Digital merchant payments via mobile have been strongly promoted in Rwanda, and they had experienced strong growth before COVID-19. For example, MomoPay, MTN’s mobile payments solution, saw a rapid uptake by both merchants and consumers through 2019. The potential for continued expansion to new merchants has been interrupted by the lockdown, but mobile merchant spending has gone up – even though limits on mobility and the ability to shop have altered customer behaviours. People are buying less frequently, but when they do, they are spending higher values (see figure). From mid-February to mid-April, the weekly value of funds being spent digitally at merchant outlets has increased 700%.

Momo merchants

Key lessons from Rwanda

The current crisis provides an opportunity for governments to advance the digitisation of their economies. Below are a few lessons on how they can achieve this, based on our Rwanda policy tracking so far. More data will be needed to see if these changes will stick.

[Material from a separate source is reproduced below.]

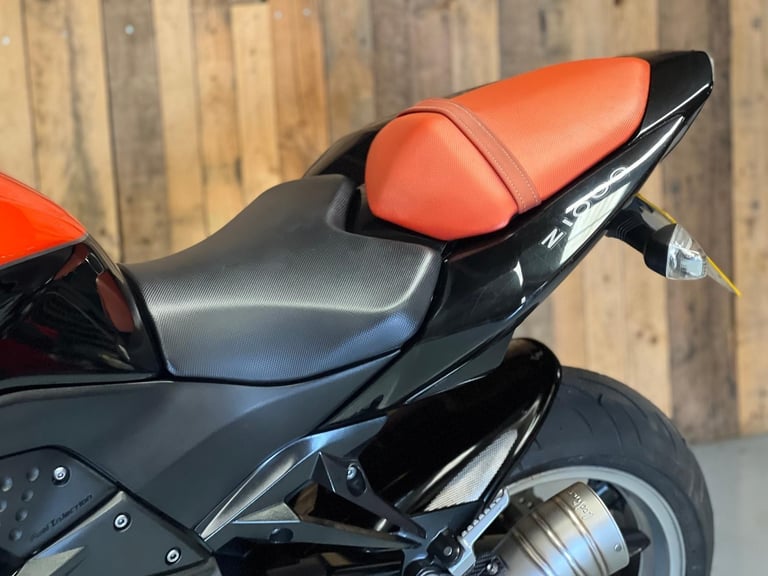 Kawasaki Z1000 ABS 2009 Lots of extras!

  1. Make it as cheap as cash to go digital: By slashing or eliminating fees on money transfers during the lockdown period, digital payments can compete with cash. Although the sustainability of this approach remains to be seen given the sacrifice in fee revenue required from mobile money operators, it provides an on-ramp for the use of digital financial services by those who would otherwise have used cash. The current data shows cash-outs from mobile wallets have also decreased sharply since the lockdown started, and are now less than half of their January values – meaning more subscribers are using digital value. However, we will have to wait for post-COVID-19 data to determine if these behaviours are permanent.
  2. Track the impact: Using transaction data to track key indicators in a dashboard will give policymakers almost real-time data on whether a policy change is working as expected. The next steps will be to use transaction data to track the real economy impact of these policies, and this impact’s geographic distribution.
  3. Use the evidence to adjust policies: Applying data analytics to segment data on the usage of digital financial services by gender, age group, location or other demographic factors provides timely evidence on how different segments of the population are responding, and who is being excluded. Aggregated numbers cannot do this. The public sector will need to increase its investment in data science to ensure that the digital revolution is evidence-based and leveraged for the public good.  

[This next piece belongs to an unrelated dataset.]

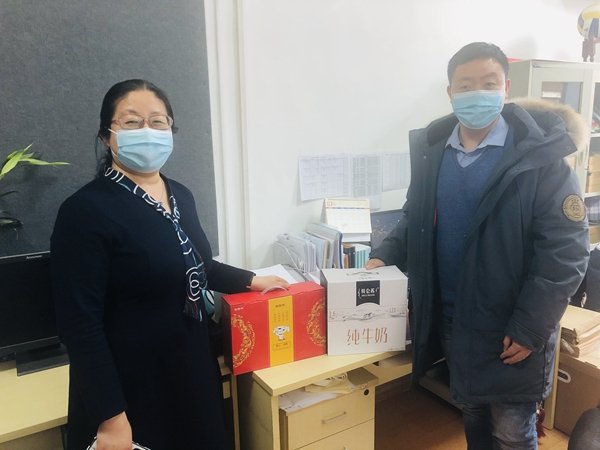专任教师组成了假期疫情防控小组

As this project evolves and our dashboards are finalised for policymakers to use, we hope to continue sharing the learning on this process. We hope this will encourage other governments to consider the application of advanced data analytics to financial transaction data, to track the impact of the COVID-19 crisis and the responses to policy changes among different customer populations.

This ongoing insight2impact project has been made possible by the rapid action and strong collaboration of RURA and BNR, and expert analytic and data science input from 71point4.